» **WORK REQUEST**: In your copy of the entries, please include no pictures and return every word exactly.

[[ ENTRIES PROVIDED open ]]

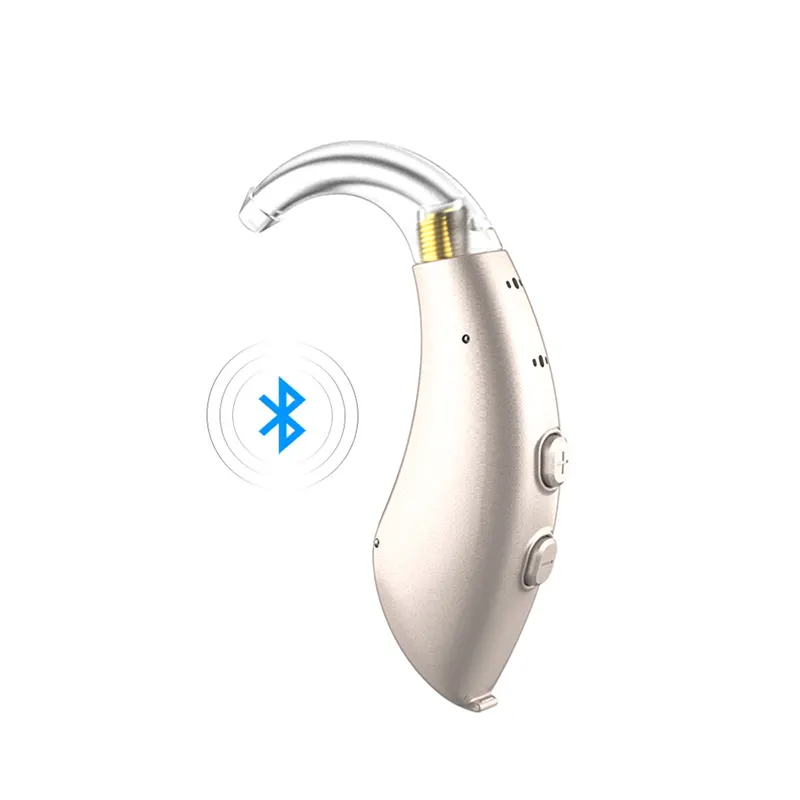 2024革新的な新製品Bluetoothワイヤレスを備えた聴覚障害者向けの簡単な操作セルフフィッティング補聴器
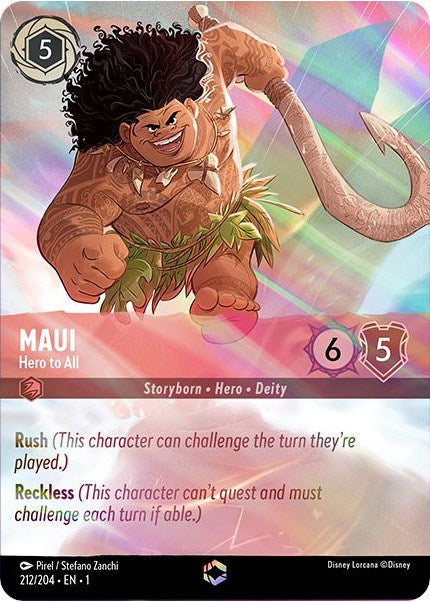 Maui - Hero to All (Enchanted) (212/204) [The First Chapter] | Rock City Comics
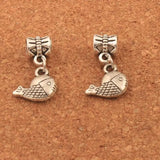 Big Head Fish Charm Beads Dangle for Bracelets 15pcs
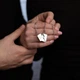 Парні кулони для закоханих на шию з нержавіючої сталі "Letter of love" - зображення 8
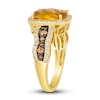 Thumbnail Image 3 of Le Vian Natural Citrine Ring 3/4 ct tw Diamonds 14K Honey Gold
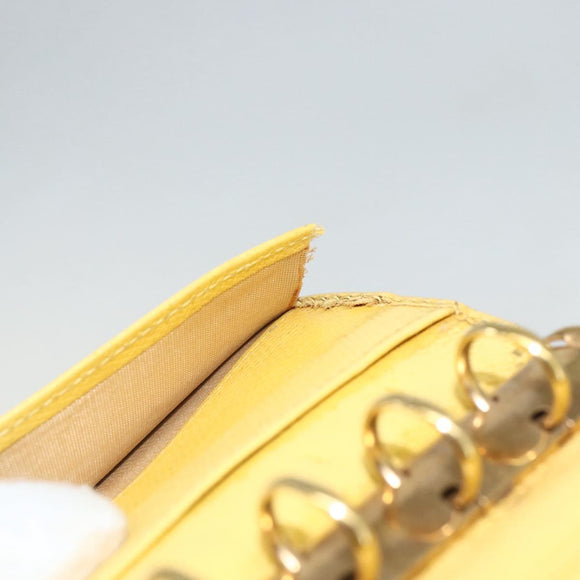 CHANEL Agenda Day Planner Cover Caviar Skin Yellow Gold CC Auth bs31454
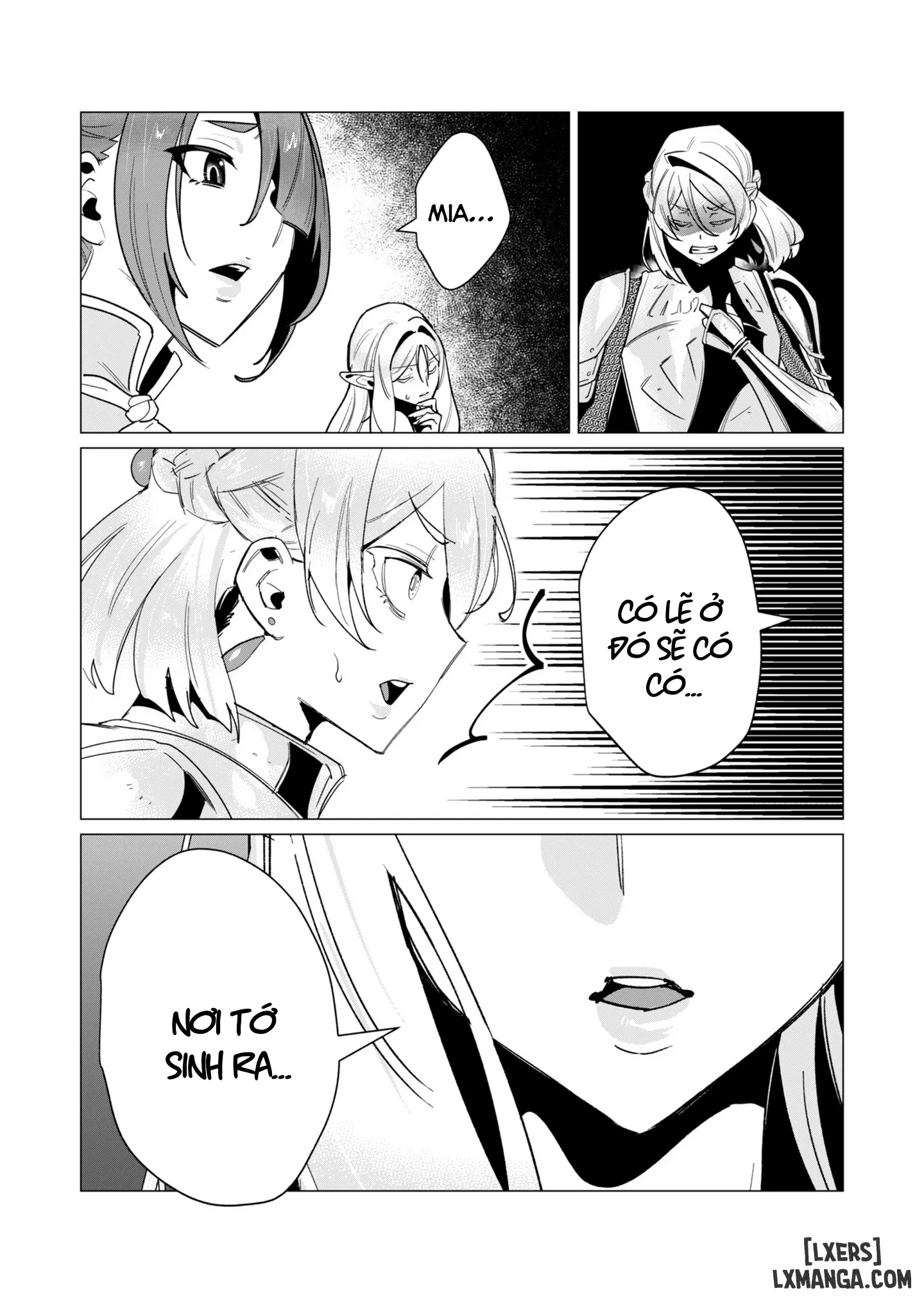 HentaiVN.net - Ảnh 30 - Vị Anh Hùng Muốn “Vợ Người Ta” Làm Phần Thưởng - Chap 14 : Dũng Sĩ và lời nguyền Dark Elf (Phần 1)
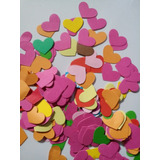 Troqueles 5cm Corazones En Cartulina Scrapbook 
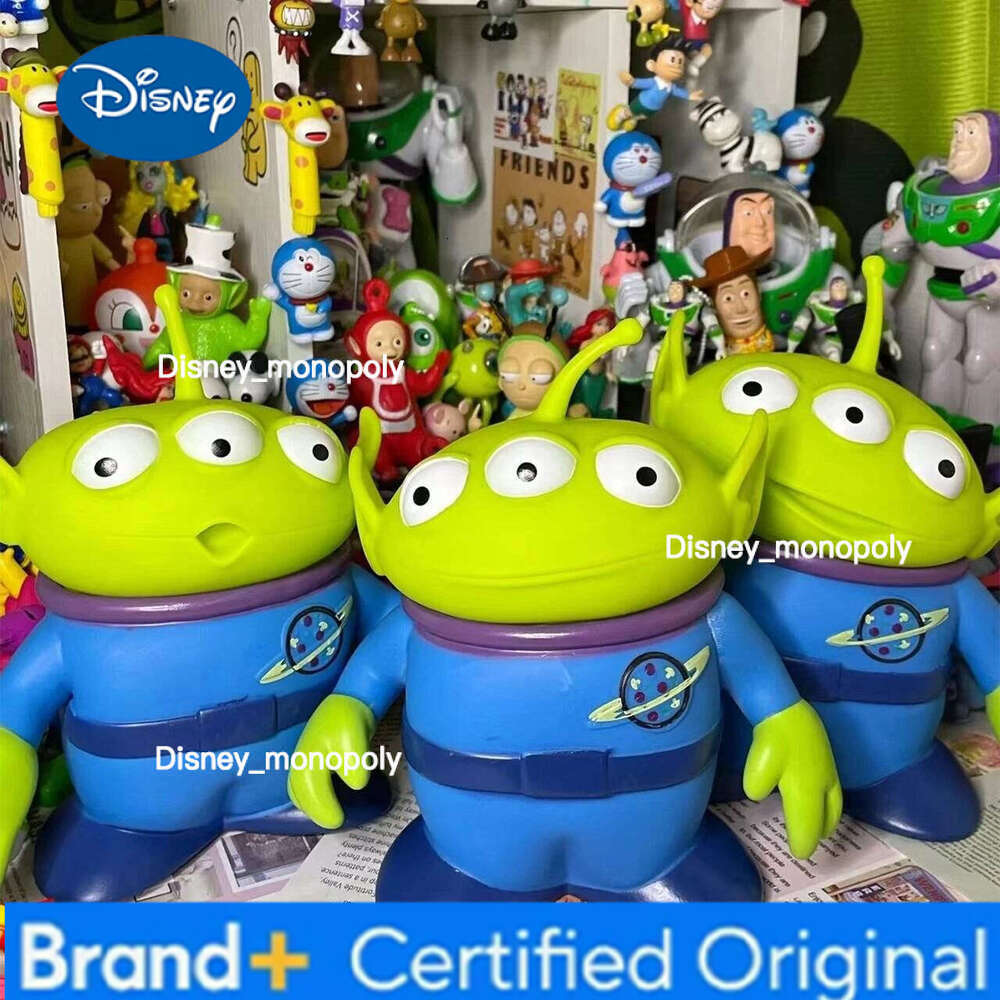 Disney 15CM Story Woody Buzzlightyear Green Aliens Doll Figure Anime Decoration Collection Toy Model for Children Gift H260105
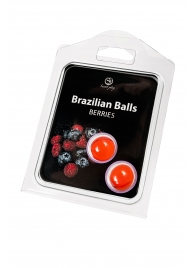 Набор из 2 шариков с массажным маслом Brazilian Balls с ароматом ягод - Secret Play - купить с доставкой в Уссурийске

[[ ENTRIES PROVIDED closed ]]

» **TASK SOLUTION**:
 2024革新的な新製品Bluetoothワイヤレスを備えた聴覚障害者向けの簡単な操作セルフフィッティング補聴器
 Maui - Hero to All (Enchanted) (212/204) [The First Chapter] | Rock City Comics
 Big Head Fish Charm Beads Dangle for Bracelets 15pcs
 Парні кулони для закоханих на шию з нержавіючої сталі "Letter of love" - зображення 8
 Thumbnail Image 3 of Le Vian Natural Citrine Ring 3/4 ct tw Diamonds 14K Honey Gold
 CHANEL Agenda Day Planner Cover Caviar Skin Yellow Gold CC Auth bs31454
 HentaiVN.net - Ảnh 30 - Vị Anh Hùng Muốn “Vợ Người Ta” Làm Phần Thưởng - Chap 14 : Dũng Sĩ và lời nguyền Dark Elf (Phần 1)
 Troqueles 5cm Corazones En Cartulina Scrapbook 
 Disney 15CM Story Woody Buzzlightyear Green Aliens Doll Figure Anime Decoration Collection Toy Model for Children Gift H260105
 Набор из 2 шариков с массажным маслом Brazilian Balls с ароматом ягод - Secret Play - купить с доставкой в Уссурийске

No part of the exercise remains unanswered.